"Can't see no sign of him, Jimmy. Guess Jack Wonnell hit it, an' he's gone in the Jedge's. Mebbe he's buyin' of Jedge Custis's niggers. That's this gentleman's business."

Jimmy Phœbus, himself no slight specimen of a man, gave another glance at the stranger from the black cherries of his eyes, and, apparently no better satisfied with the inspection, made no sign of acquaintance.

"Whoever ain't too nice to drink with a nigger buyer," said the man, independently, "can come in and set up his drink, with my redge, for I'm rhino-fat and just rotten with flush."

There was a pause for somebody to take the initiative, but Jimmy Phœbus, turning his big, broad Greekish face and small forehead on the stranger, remarked:

"I never tuk a drink with a nigger buyer yit, and, by smoke! I reckon I'm too old to begin."

The man stopped and measured Jimmy up in his eye.

"Humph!" he said with a sneer, "you look to be a little more than half nigger yourself. If I was dead broke I'd run you to market an' git my price for you."

"No doubt of it whatever, as fur as you're concerned," said Jimmy, unexcited, while the man pushed Levin Dennis in towards the bar.

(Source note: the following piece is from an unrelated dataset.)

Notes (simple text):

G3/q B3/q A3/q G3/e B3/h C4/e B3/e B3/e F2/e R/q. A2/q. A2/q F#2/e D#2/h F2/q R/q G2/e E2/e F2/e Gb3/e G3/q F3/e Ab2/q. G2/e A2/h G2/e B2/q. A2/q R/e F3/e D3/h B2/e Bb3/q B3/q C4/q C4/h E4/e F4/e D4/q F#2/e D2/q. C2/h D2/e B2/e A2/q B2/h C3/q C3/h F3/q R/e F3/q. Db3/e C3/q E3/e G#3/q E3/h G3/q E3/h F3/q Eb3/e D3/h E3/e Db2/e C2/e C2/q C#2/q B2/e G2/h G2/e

Either the new movement of Meshach Milburn, or the example of the strange man, set Princess Anne in a tipsy condition that day. The stranger was full of money, and treating indiscriminately, and the pavement before the hotel was continually beset with the loiterers, and the bar took money and spread mischief. So when, an hour after dark, the unpopular townsman, avoiding the crowd, passed by on the opposite side of the street, nearest his own lodging, one of the loudest and most unanimous yells he had ever heard in his experience, rang out from the Washington Tavern.

"Steeple-top! Steeple-top! Old Meshach's loose. Whoo-o-op!"